Parents tend to worry about the safety of their kids and family when they are away. You may worry about your loved ones getting ill or injured. Also, an intruder can risk their safety by breaking into the property. This is why you should guide your children about calling 911 in an emergency.
Talking About Calling 911 With Kids
Everyone needs to know how to call 911 in an emergency. Young kids may not know who to call for help. So, you should guide them about emergency workers in your community. This includes police officers, firefighters, paramedics, healthcare workers, and more. Kids should also how they can help people who are in trouble.
Calling 911 may not be rocket science. But kids often find it a challenge. You should prepare them for an emergency by sharing relevant information. You should ask them what they would do if a fire breaks out. Or what if someone tries to break in?
This approach gives you a chance to discuss emergencies and what to do if such an event occurs.
When to Call 911
Teach kids that an emergency is when someone needs help right away. It can be because of an injury or an immediate danger. So, they should call 911 in the following situations:
- When there is a fire
- If someone is unconscious after an accident
- Someone overdosed on drugs
- When you have trouble breathing
- Seizure attacks
- When someone is choking
- Witnessing a crime
- After a critical car accident
Prepare Your Kids for an Emergency
Kids may feel scared or nervous if they have to call 911. You should assure them that emergency operators talk to a lot of nervous or worried kids.

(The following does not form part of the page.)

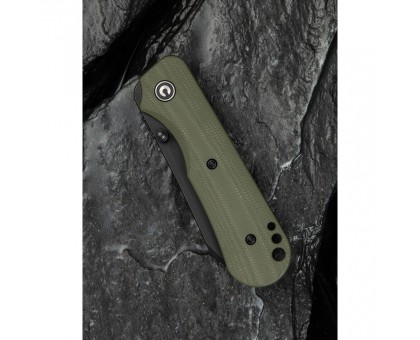 Ніж складаний Civivi Crabby OD Green C24055-1
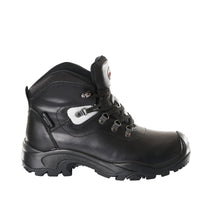 Safety boots S3 with laces Safety boots S3 safety shoes, black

So, they should put their worries to rest and stay calm.
Your kids should know that they should never share personal information with strangers. But it’s fine to trust 911 operators. Explain that the emergency operator will ask them questions such as:
- What is the emergency? or What happened?
- Where are you? or Where do you live?
- Who needs help? or Who is with you?
When calling 911, they should give the operator all the information they can. This includes what the emergency is and how it happened. If they’re old enough, also explain that the emergency dispatcher may give first-aid instructions before emergency workers arrive at the scene.